- Information provided
--- --- ---

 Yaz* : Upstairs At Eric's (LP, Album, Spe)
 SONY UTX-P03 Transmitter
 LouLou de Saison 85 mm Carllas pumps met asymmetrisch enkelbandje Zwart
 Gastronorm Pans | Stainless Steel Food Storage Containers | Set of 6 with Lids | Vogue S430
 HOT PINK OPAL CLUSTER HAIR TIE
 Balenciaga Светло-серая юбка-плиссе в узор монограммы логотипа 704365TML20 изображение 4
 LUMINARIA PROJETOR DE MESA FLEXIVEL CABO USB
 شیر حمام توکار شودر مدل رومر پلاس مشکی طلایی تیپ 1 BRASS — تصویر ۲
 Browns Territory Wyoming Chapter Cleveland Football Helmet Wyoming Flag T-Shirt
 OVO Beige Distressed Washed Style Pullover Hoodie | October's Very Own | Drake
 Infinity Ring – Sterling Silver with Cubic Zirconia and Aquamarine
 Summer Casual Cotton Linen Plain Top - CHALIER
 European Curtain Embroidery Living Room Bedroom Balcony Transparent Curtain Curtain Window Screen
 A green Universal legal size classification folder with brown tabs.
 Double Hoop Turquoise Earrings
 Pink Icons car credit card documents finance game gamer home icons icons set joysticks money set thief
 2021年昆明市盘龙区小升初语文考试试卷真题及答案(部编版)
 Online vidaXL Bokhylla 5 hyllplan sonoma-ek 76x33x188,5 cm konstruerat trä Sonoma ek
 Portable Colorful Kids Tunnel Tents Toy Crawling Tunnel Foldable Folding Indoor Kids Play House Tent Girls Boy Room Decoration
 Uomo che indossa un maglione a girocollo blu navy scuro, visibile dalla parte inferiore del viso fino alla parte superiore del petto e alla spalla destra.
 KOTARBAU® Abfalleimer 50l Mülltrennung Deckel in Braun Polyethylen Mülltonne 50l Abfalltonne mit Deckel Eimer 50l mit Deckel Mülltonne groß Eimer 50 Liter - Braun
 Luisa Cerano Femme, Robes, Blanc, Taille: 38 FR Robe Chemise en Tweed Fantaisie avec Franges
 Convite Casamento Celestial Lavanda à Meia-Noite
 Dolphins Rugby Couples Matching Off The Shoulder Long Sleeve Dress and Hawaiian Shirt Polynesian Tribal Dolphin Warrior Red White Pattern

--- --- ---

- Problem requirements
Would you repeat each line above exactly as it stands?

- Exercise solution
 Yaz* : Upstairs At Eric's (LP, Album, Spe)
 SONY UTX-P03 Transmitter
 LouLou de Saison 85 mm Carllas pumps met asymmetrisch enkelbandje Zwart
 Gastronorm Pans | Stainless Steel Food Storage Containers | Set of 6 with Lids | Vogue S430
 HOT PINK OPAL CLUSTER HAIR TIE
 Balenciaga Светло-серая юбка-плиссе в узор монограммы логотипа 704365TML20 изображение 4
 LUMINARIA PROJETOR DE MESA FLEXIVEL CABO USB
 شیر حمام توکار شودر مدل رومر پلاس مشکی طلایی تیپ 1 BRASS — تصویر ۲
 Browns Territory Wyoming Chapter Cleveland Football Helmet Wyoming Flag T-Shirt
 OVO Beige Distressed Washed Style Pullover Hoodie | October's Very Own | Drake
 Infinity Ring – Sterling Silver with Cubic Zirconia and Aquamarine
 Summer Casual Cotton Linen Plain Top - CHALIER
 European Curtain Embroidery Living Room Bedroom Balcony Transparent Curtain Curtain Window Screen
 A green Universal legal size classification folder with brown tabs.
 Double Hoop Turquoise Earrings
 Pink Icons car credit card documents finance game gamer home icons icons set joysticks money set thief
 2021年昆明市盘龙区小升初语文考试试卷真题及答案(部编版)
 Online vidaXL Bokhylla 5 hyllplan sonoma-ek 76x33x188,5 cm konstruerat trä Sonoma ek
 Portable Colorful Kids Tunnel Tents Toy Crawling Tunnel Foldable Folding Indoor Kids Play House Tent Girls Boy Room Decoration
 Uomo che indossa un maglione a girocollo blu navy scuro, visibile dalla parte inferiore del viso fino alla parte superiore del petto e alla spalla destra.
 KOTARBAU® Abfalleimer 50l Mülltrennung Deckel in Braun Polyethylen Mülltonne 50l Abfalltonne mit Deckel Eimer 50l mit Deckel Mülltonne groß Eimer 50 Liter - Braun
 Luisa Cerano Femme, Robes, Blanc, Taille: 38 FR Robe Chemise en Tweed Fantaisie avec Franges
 Convite Casamento Celestial Lavanda à Meia-Noite
 Dolphins Rugby Couples Matching Off The Shoulder Long Sleeve Dress and Hawaiian Shirt Polynesian Tribal Dolphin Warrior Red White Pattern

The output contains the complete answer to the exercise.